**EXERCISE INPUT:**
>>>

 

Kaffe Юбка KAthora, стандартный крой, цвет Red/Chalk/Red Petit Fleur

<<<
>>>

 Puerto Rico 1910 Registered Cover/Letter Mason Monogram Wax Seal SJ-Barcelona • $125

<<<
>>>

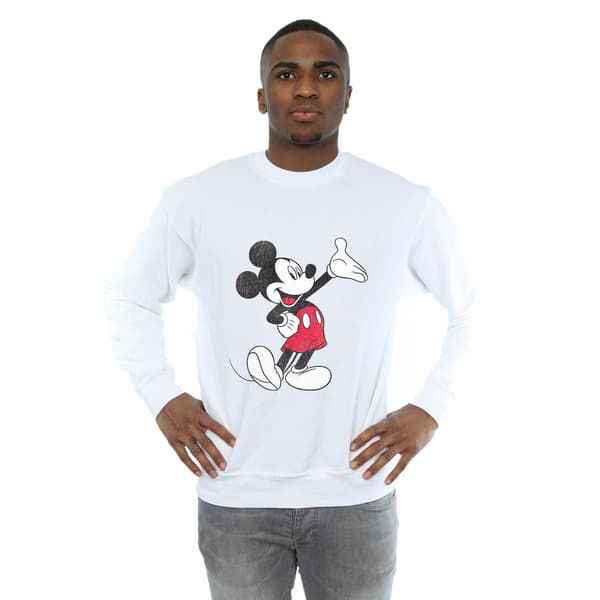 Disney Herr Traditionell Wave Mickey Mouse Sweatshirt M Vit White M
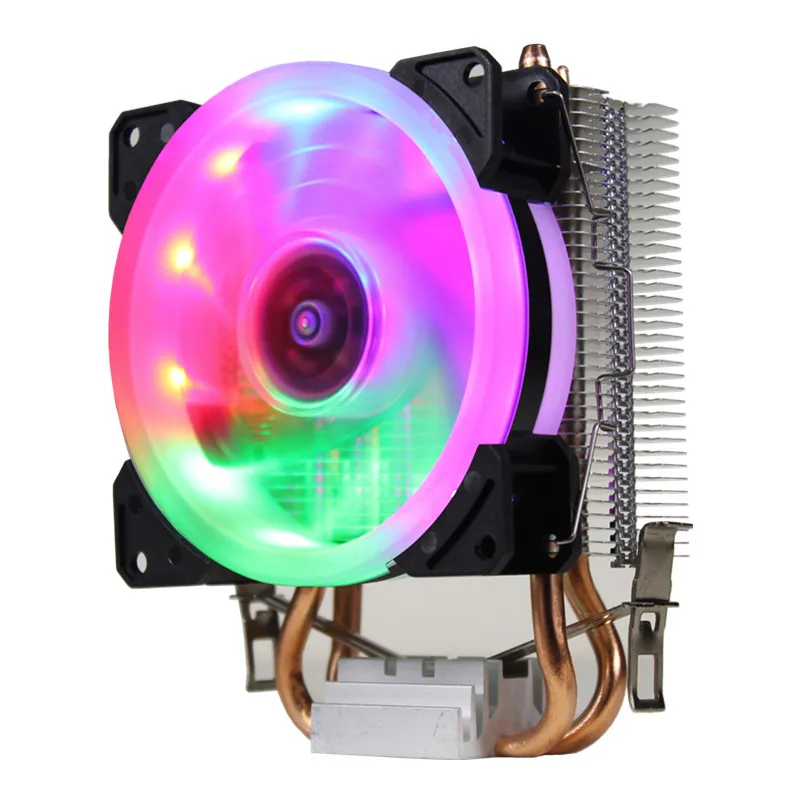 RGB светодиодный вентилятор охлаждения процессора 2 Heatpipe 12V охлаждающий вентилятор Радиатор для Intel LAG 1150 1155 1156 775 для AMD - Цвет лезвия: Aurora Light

<<<

**WORK REQUEST:**
Transcribe, from the material above, the stretch starting at the line with "Disney Herr Traditionell" and ending at the line with "RGB светодиодный вентилятор", both included, exactly. Do not carry over pictures.

**TASK OUTPUT:**
 Disney Herr Traditionell Wave Mickey Mouse Sweatshirt M Vit White M
 RGB светодиодный вентилятор охлаждения процессора 2 Heatpipe 12V охлаждающий вентилятор Радиатор для Intel LAG 1150 1155 1156 775 для AMD - Цвет лезвия: Aurora Light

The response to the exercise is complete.